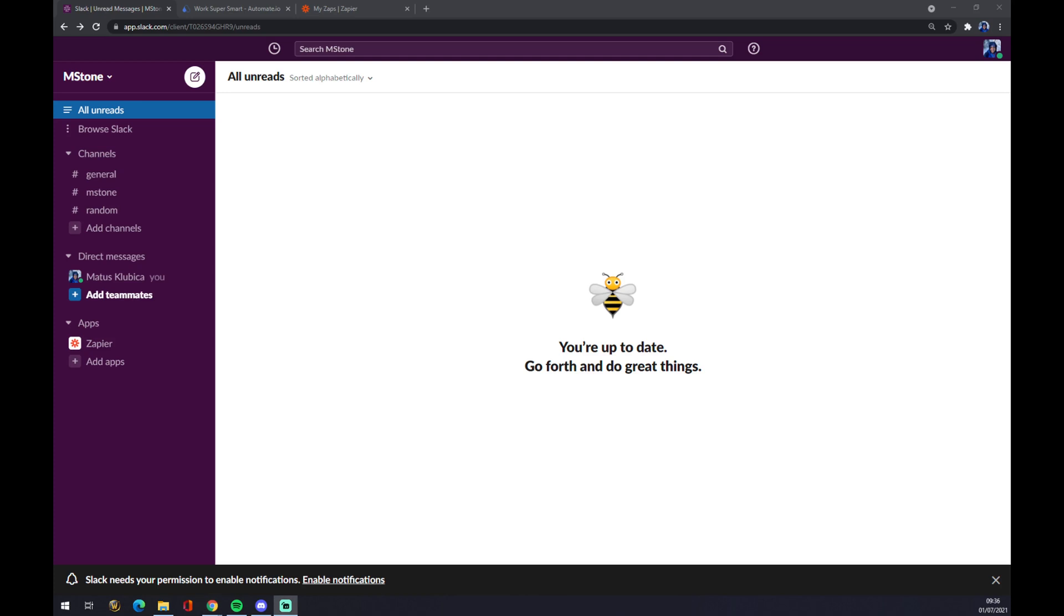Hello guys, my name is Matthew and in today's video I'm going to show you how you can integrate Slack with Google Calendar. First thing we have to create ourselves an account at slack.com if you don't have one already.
...
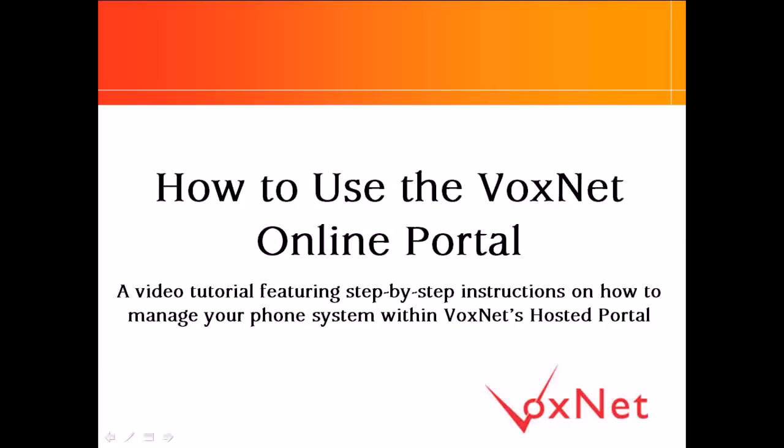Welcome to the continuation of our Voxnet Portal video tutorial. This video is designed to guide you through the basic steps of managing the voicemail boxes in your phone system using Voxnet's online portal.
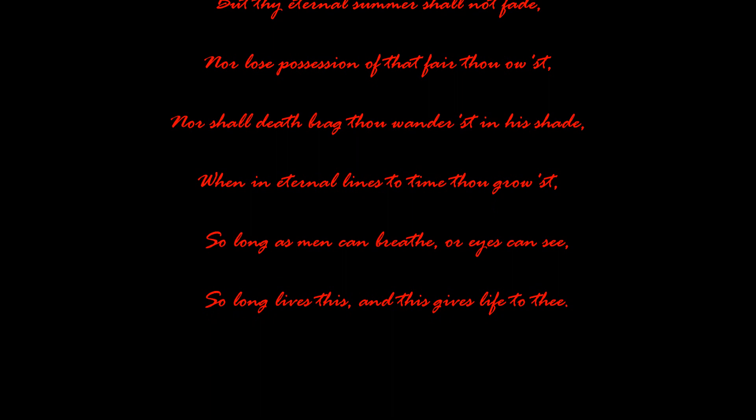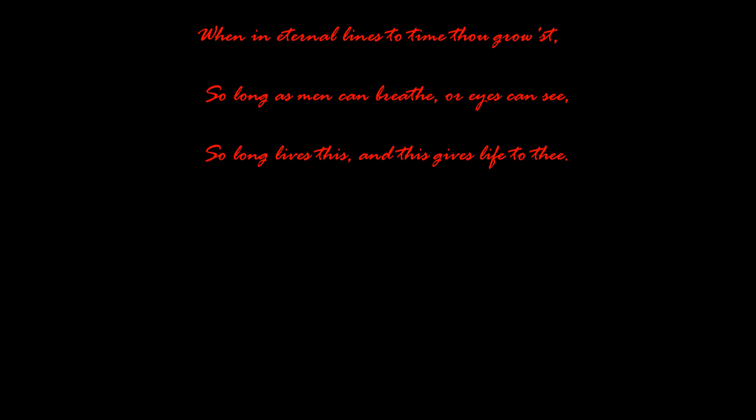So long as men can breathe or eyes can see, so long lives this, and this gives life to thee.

# [EXERCISE REQUIREMENTS]
Using the entries above, reproduce word for word only the lines from the one that contains "Welcome to the" to the one that contains "So long as men", both ends included, and drop every picture.

# [TASK OUTPUT]
Welcome to the continuation of our Voxnet Portal video tutorial. This video is designed to guide you through the basic steps of managing the voicemail boxes in your phone system using Voxnet's online portal.
So long as men can breathe or eyes can see, so long lives this, and this gives life to thee.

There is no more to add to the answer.